→ Exercise directions: Exactly as they stand, copy the lines from the one containing "양육비 선지급제 시행, 관련정보" to the final line of the data; leave out the pictures.

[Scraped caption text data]
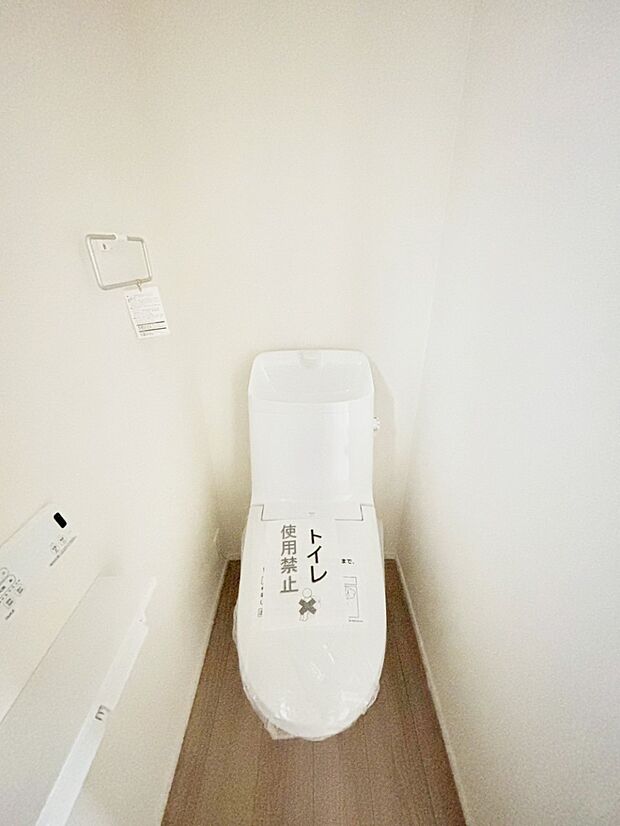 トイレは温水洗浄機能付き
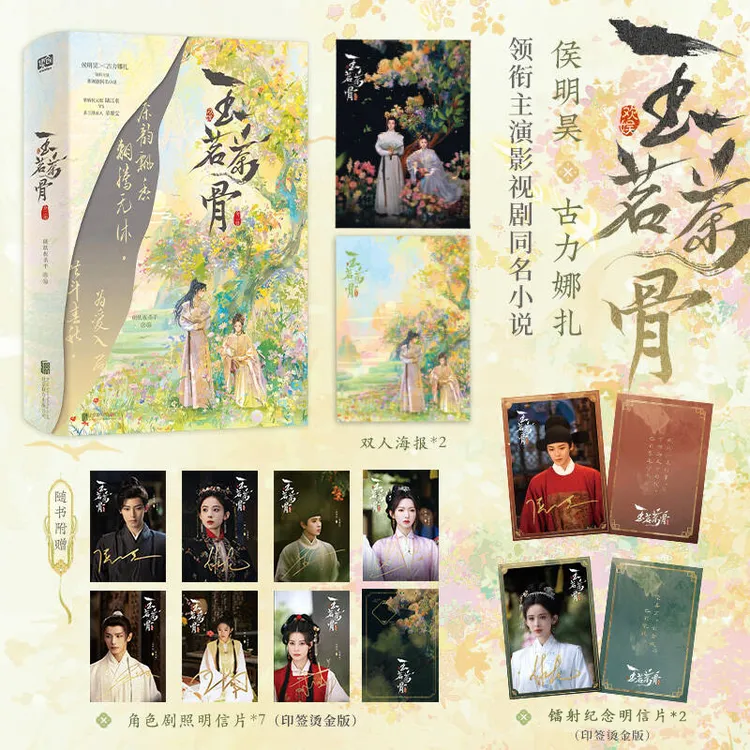 玉茗茶骨 全二册 同名影视剧原著小说 附多重赠品 青春古言小说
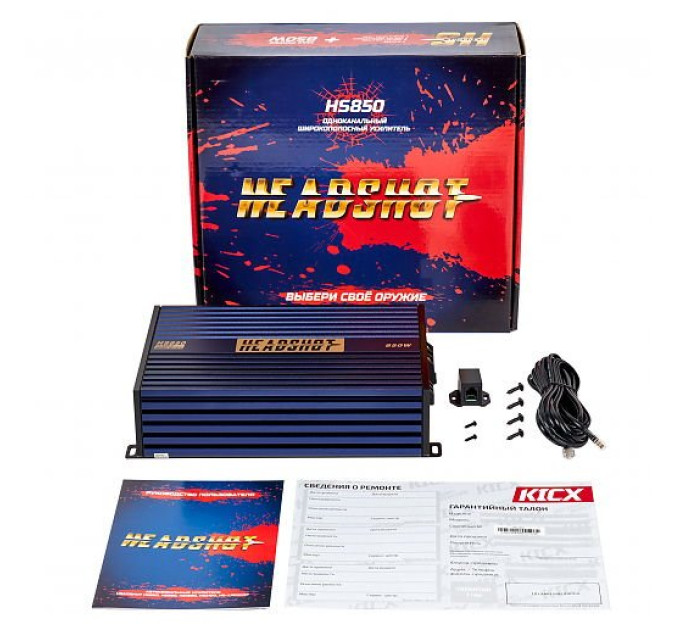 Підсилювач Kicx HeadShot HS 850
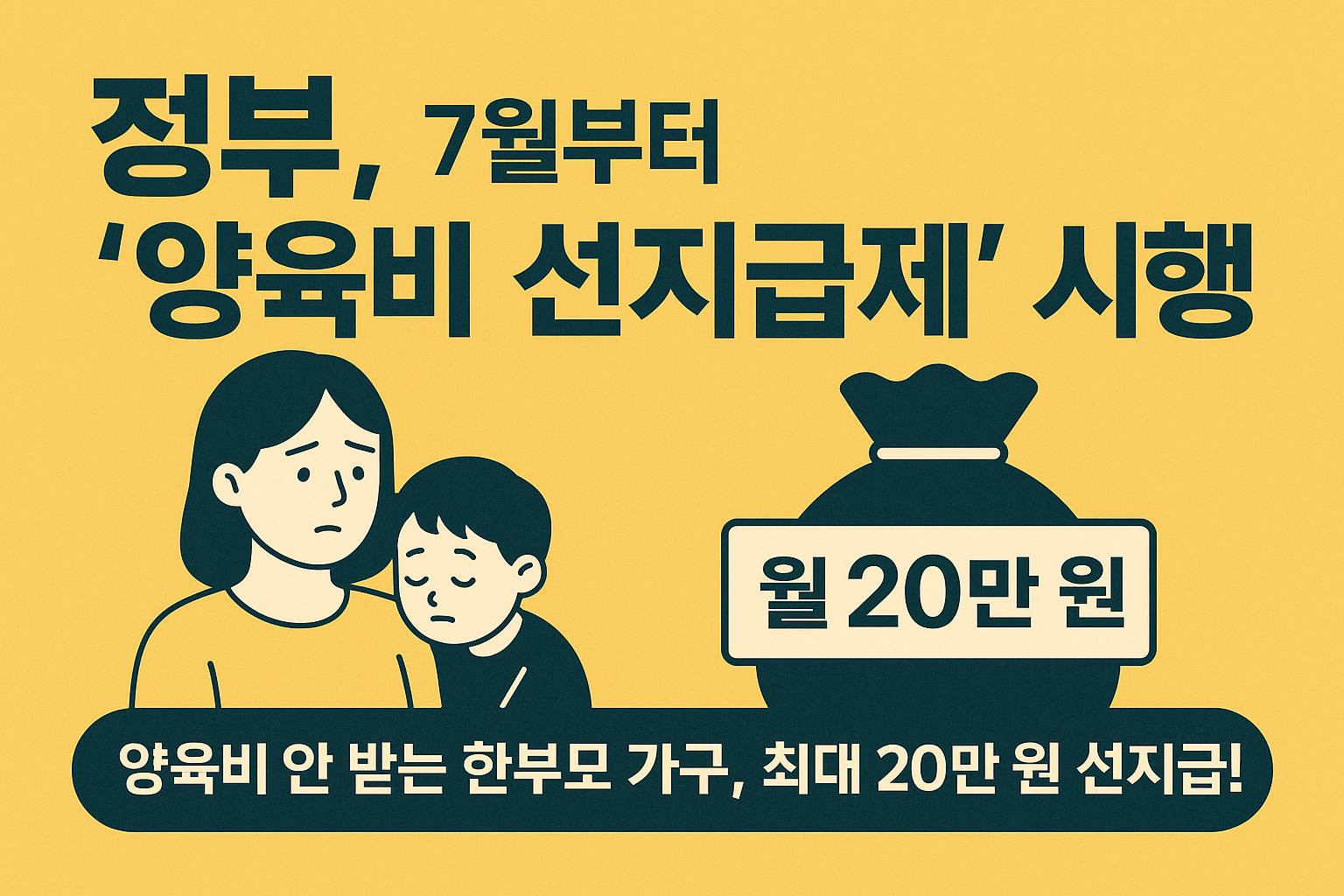 양육비 선지급제 시행, 관련정보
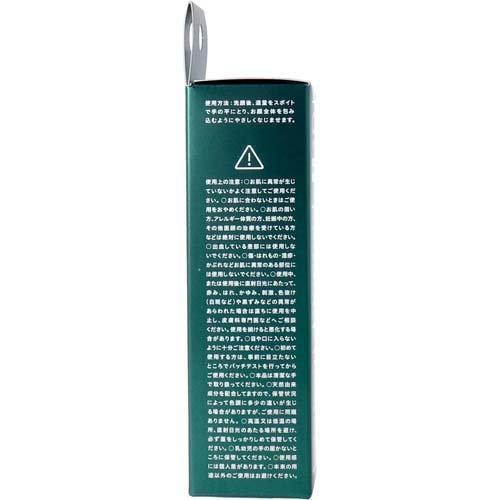CICA method BOOSTER SERUM 薬用美容液セラムCI ( 28ml ) : 爽快 CICA method BOOSTER SERUM 薬用美容液セラムCI ( 28ml ) : 爽快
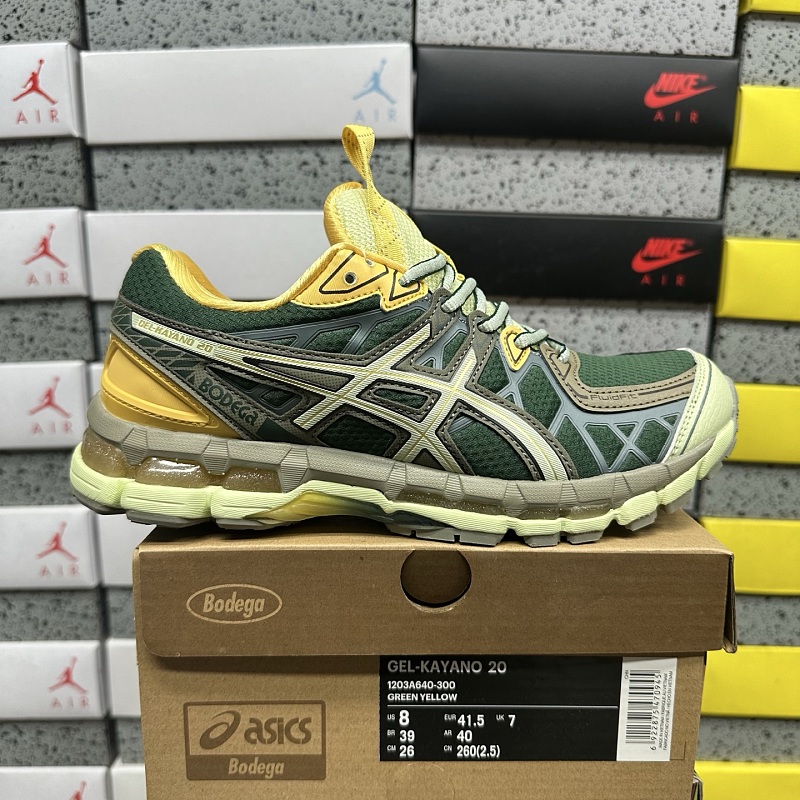 ASICS UB10-S Gel-Kayano 20 Kiko Kostadinov Hunter Green Jade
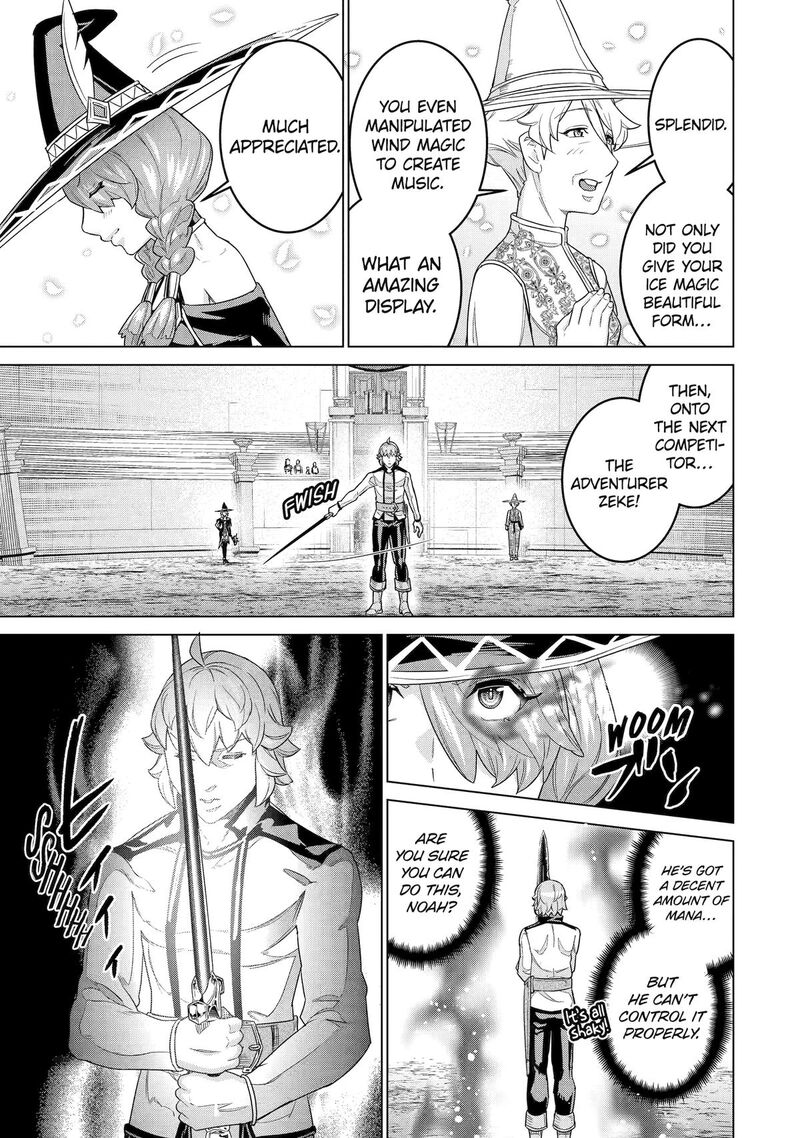 Le De Munou To Iware Tsuzuketa Ore Desu Ga Sekaiteki Ni Wa Chou Yuunou Datta You Desu 36 16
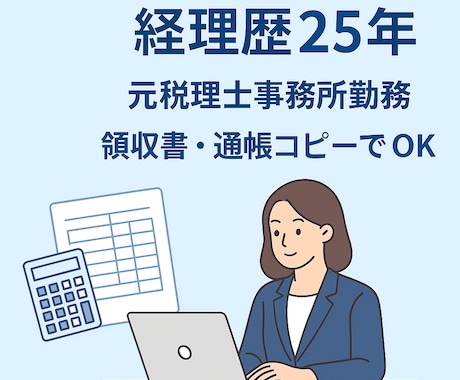 本業多忙な方　経理歴25年が記帳代行致します 「【初回お試しOK】安心・迅速な記帳代行／クラウド会計対応 イメージ1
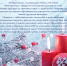 Toys Christmas Candles 460662 - Управление образования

→ Result of this task:
 양육비 선지급제 시행, 관련정보
CICA method BOOSTER SERUM 薬用美容液セラムCI ( 28ml ) : 爽快 CICA method BOOSTER SERUM 薬用美容液セラムCI ( 28ml ) : 爽快
 ASICS UB10-S Gel-Kayano 20 Kiko Kostadinov Hunter Green Jade
 Le De Munou To Iware Tsuzuketa Ore Desu Ga Sekaiteki Ni Wa Chou Yuunou Datta You Desu 36 16
 本業多忙な方　経理歴25年が記帳代行致します 「【初回お試しOK】安心・迅速な記帳代行／クラウド会計対応 イメージ1
 Toys Christmas Candles 460662 - Управление образования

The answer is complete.